06 - Divide batter evenly between prepared pans and smooth the tops.
07 - Bake for 30 to 35 minutes until a toothpick inserted in the center emerges clean.
08 - Cool cakes in pans for 10 minutes, then turn out onto wire racks to cool completely.
09 - In a chilled bowl, beat heavy cream, powdered sugar, and vanilla until stiff peaks form.
10 - Place one cooled cake layer on a serving plate. Spread with a generous layer of whipped cream. Top with second cake layer.
11 - Frost the top and sides of cake with remaining whipped cream using an offset spatula.
12 - Gently press edible flowers onto the sides and top of cake.

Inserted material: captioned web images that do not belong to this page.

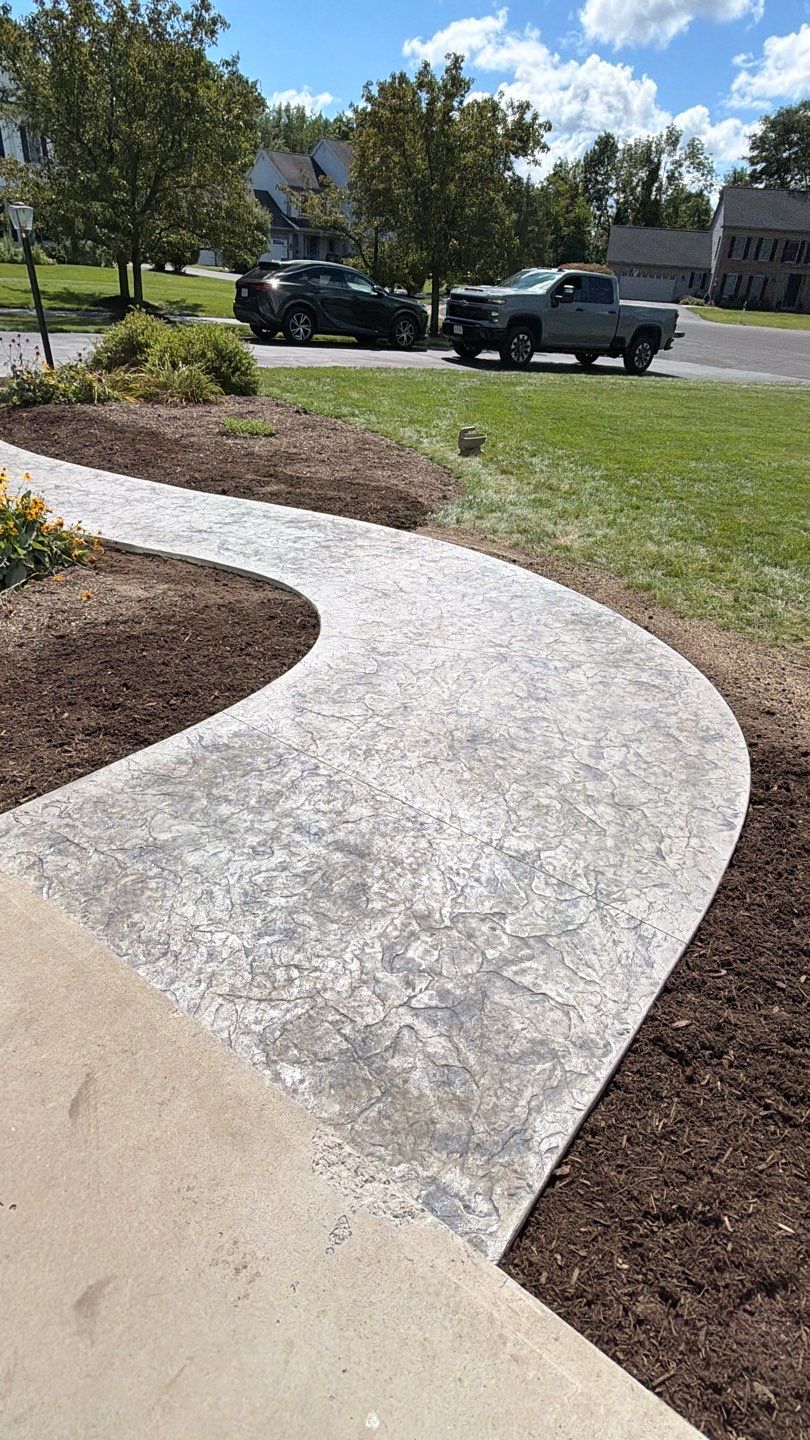 Oxford Slate Walkway by NG Masonry & Construction LLC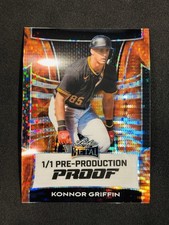 2025 Leaf Metal Pre Production Proof Konnor Griffin Orange Pulsar Prizm RC 1/1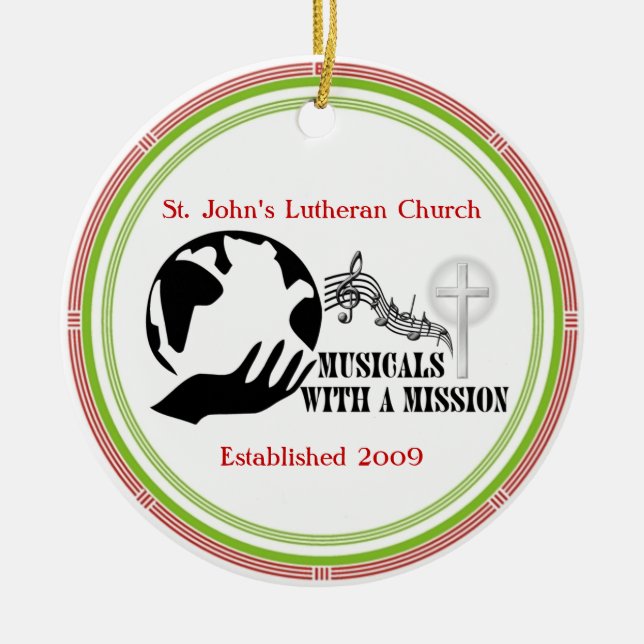 Ornamento del navidad de MWAM (Frente)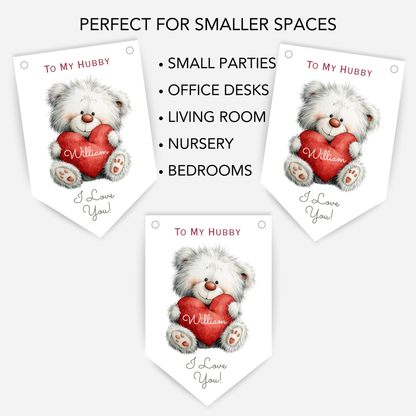 Valentine's Day Cute Teddy Bunting - S187V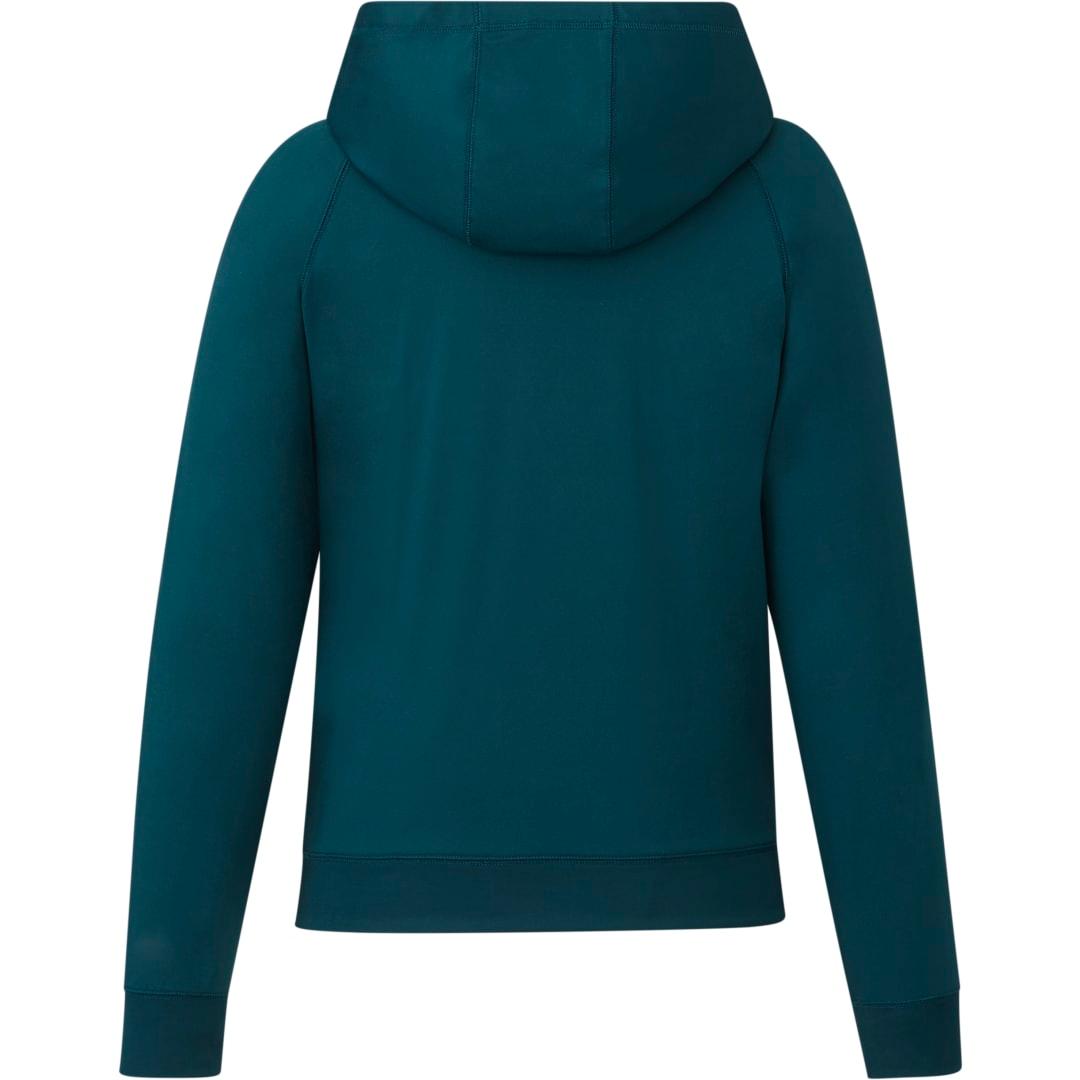 Tentree stretch knit quarter zip - womens Blue front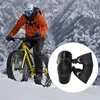 Motorcykel rustning 2st Vinter kn￤skydd leggings Motocross Shin Guards for Mountain Bikes Fall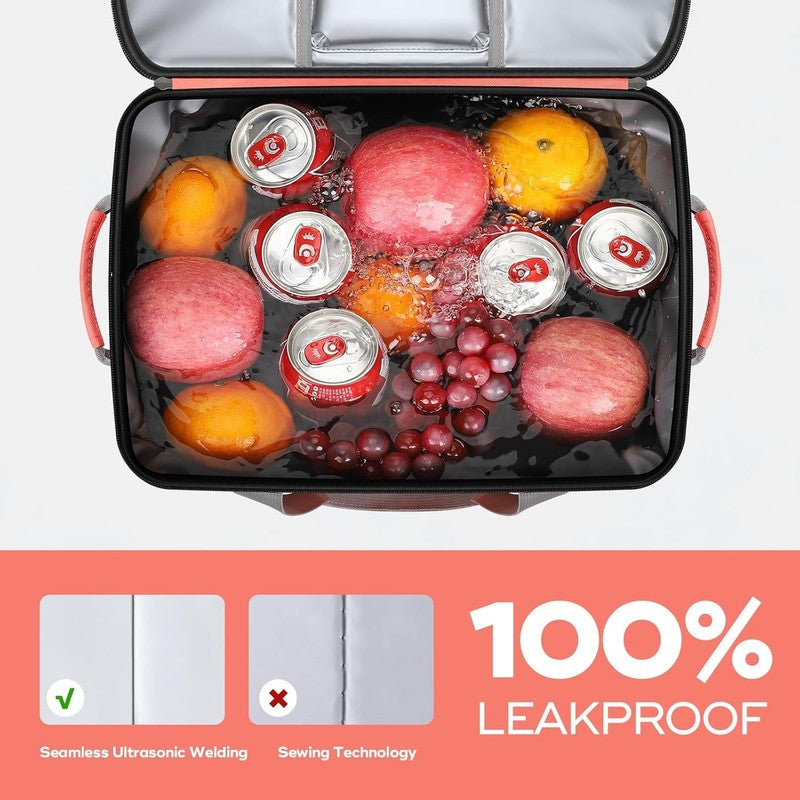 Collapsible Soft Cooler Bag 35 Cans Leakproof Beach Camping Cooler3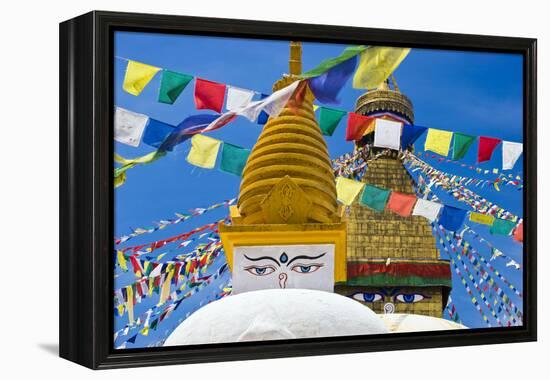 Boudhanath Stupa, Kathmandu, Nepal-Stefano Politi Markovina-Framed Premier Image Canvas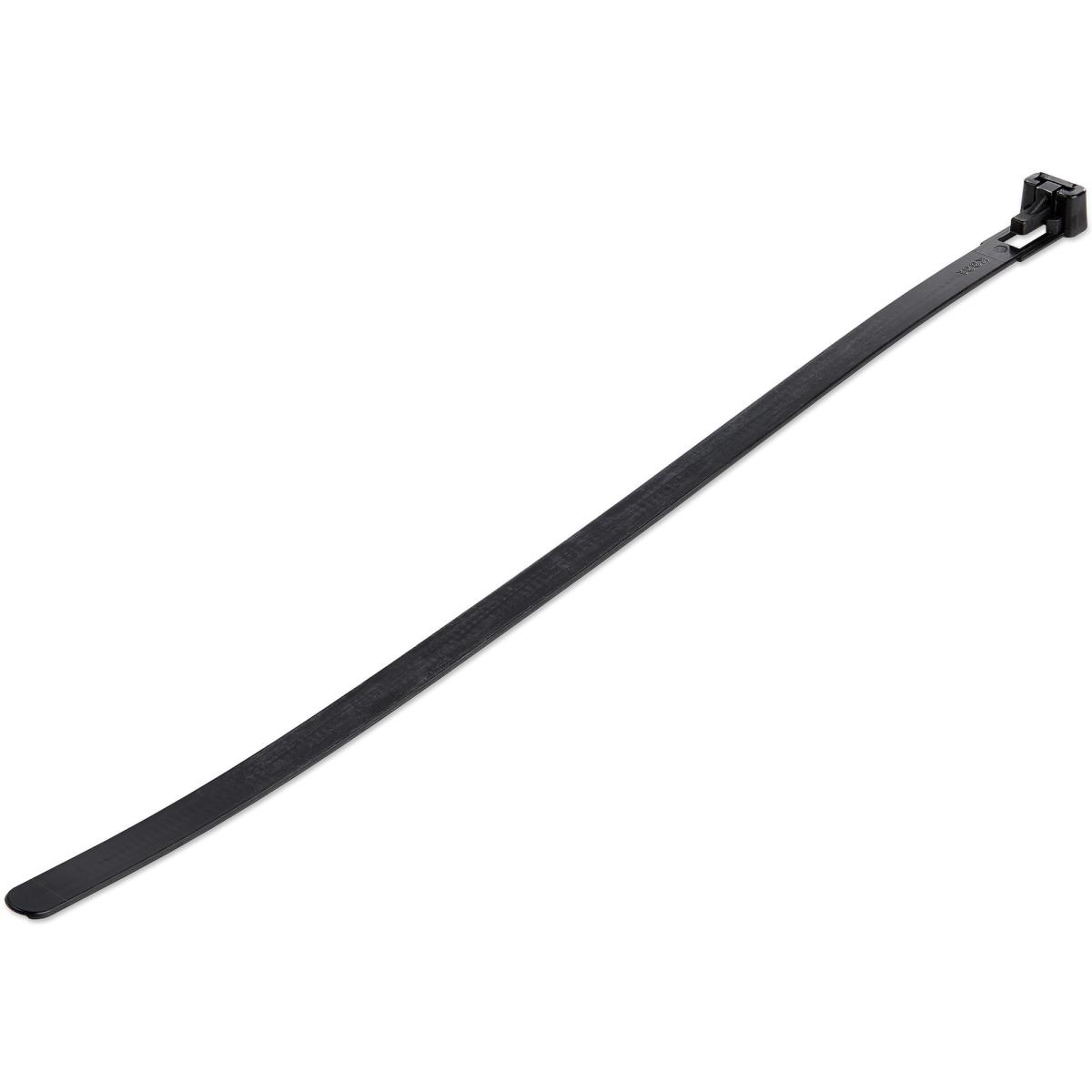 STARTECH.COM 75648591 Resealable Zip Tie 10in Black 100 Pack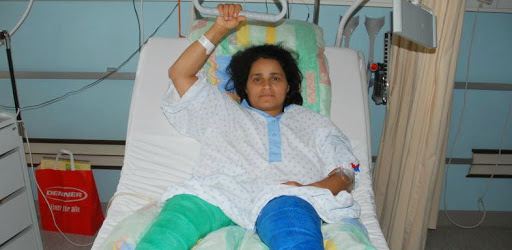 Happée par un train et sauvée par son handicap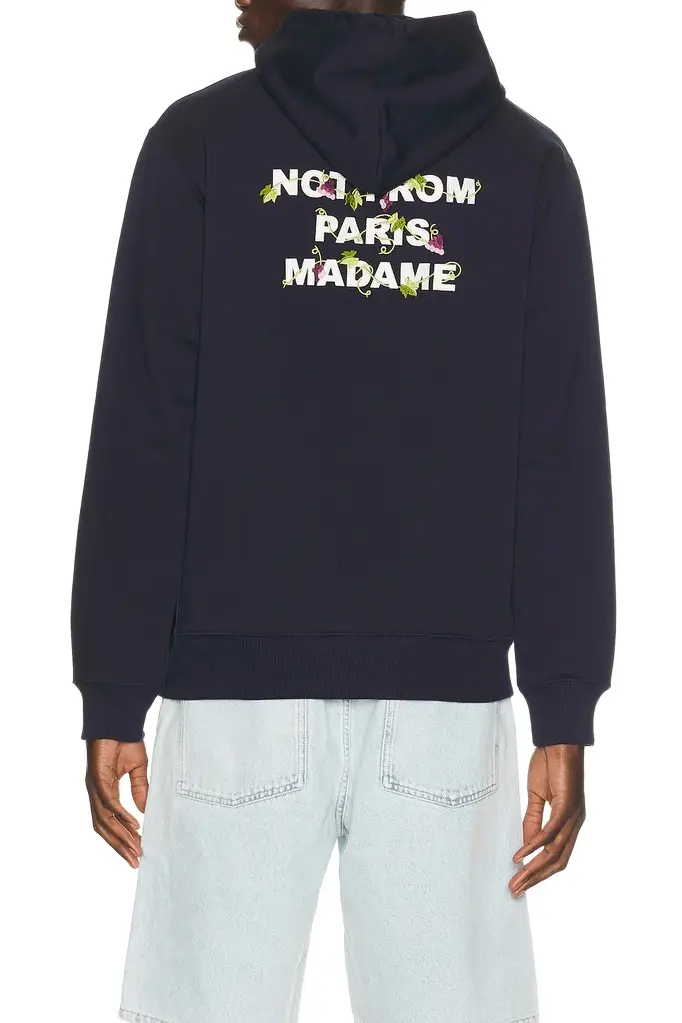 Vine Embroidered Slogan Hoodie Vine Embroidered Slogan Hoodie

Add mint leaves if desired.
13 - Refrigerate cake for at least 30 minutes to set frosting and flowers.

# Expert Tips:

01 -
  • The cake tastes like pure vanilla comfort, but those pressed flowers make it feel special enough to serve at actual celebrations without any fuss.
  • It's a confident dessert that looks like you spent hours in the kitchen when you really just borrowed a trick from your grandmother's kitchen.
  • Spring finally feels like something you can taste and hold on a plate.
02 -
  • Use only organically grown, unsprayed edible flowers—pesticides taste bitter and ruin everything, so verify your source matters.
  • Press flowers for at least 24 hours between parchment and heavy books; thin, papery flowers stick to frosting and look intentional instead of wilted.
  • Room temperature eggs and milk mix smoothly into batter; cold ones create lumps and uneven texture.
  • Overmixing the batter after adding flour develops gluten and makes the cake dense and rubbery—stir gently until you see no white streaks, then stop.
03 -
  • Keep your mixer bowl and beaters cold by placing them in the freezer for 5 minutes before whipping cream; this prevents breaking and gets you to stiff peaks faster.
  • Use an offset spatula for frosting if you have one—it spreads cream smoothly without dragging crumbs into your frosting.
  • If you're decorating hours ahead, add flowers at the last moment so they don't weep into the frosting or dry out too much.